Top of Data shown
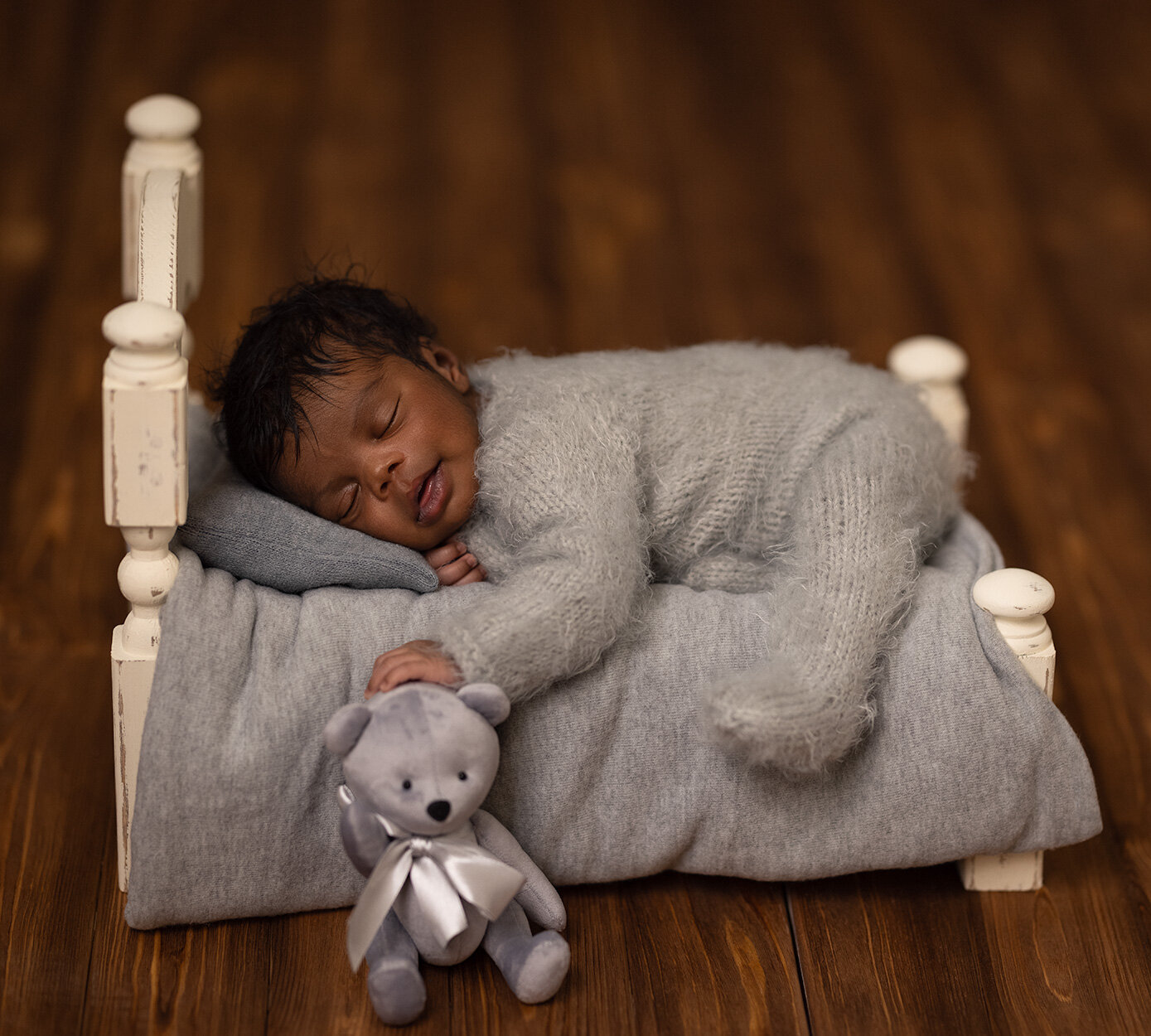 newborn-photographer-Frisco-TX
Bottom of Data shown
Top of Data shown
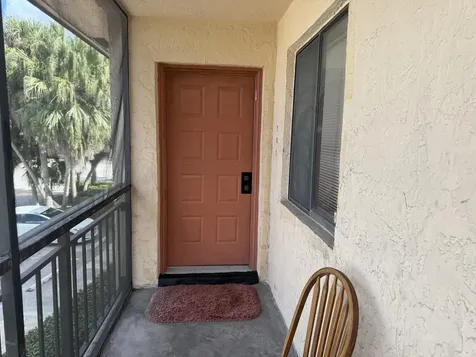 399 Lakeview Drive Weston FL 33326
Bottom of Data shown
Top of Data shown
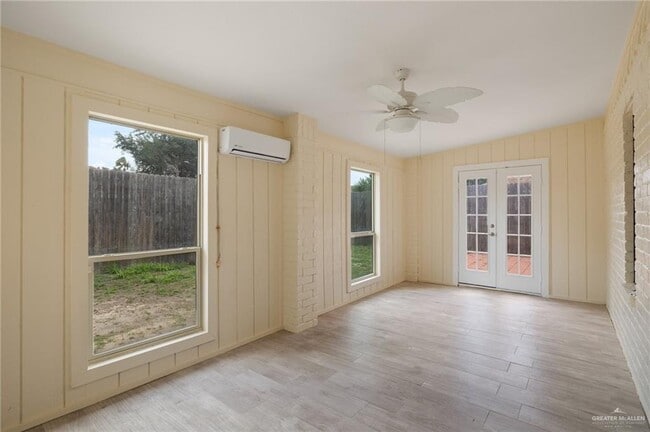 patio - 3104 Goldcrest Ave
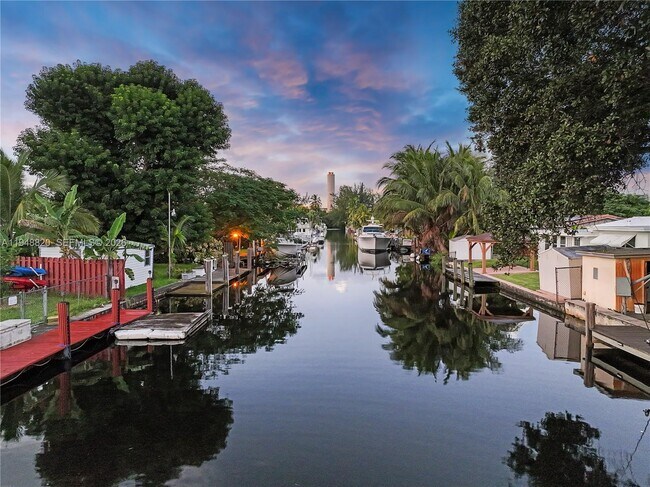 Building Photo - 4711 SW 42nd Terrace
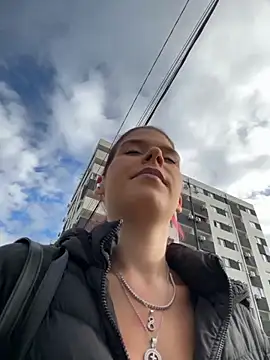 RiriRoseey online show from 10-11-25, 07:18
Bottom of Data shown
• [Problem]: In the entries above, which lines run from the one with "Building Photo - 4711 SW 42nd Terrace" up to and including the one with "RiriRoseey online show from 10-11-25, 07:18"? Write them out exactly, without the pictures.

• [The completed task]:
 Building Photo - 4711 SW 42nd Terrace
 RiriRoseey online show from 10-11-25, 07:18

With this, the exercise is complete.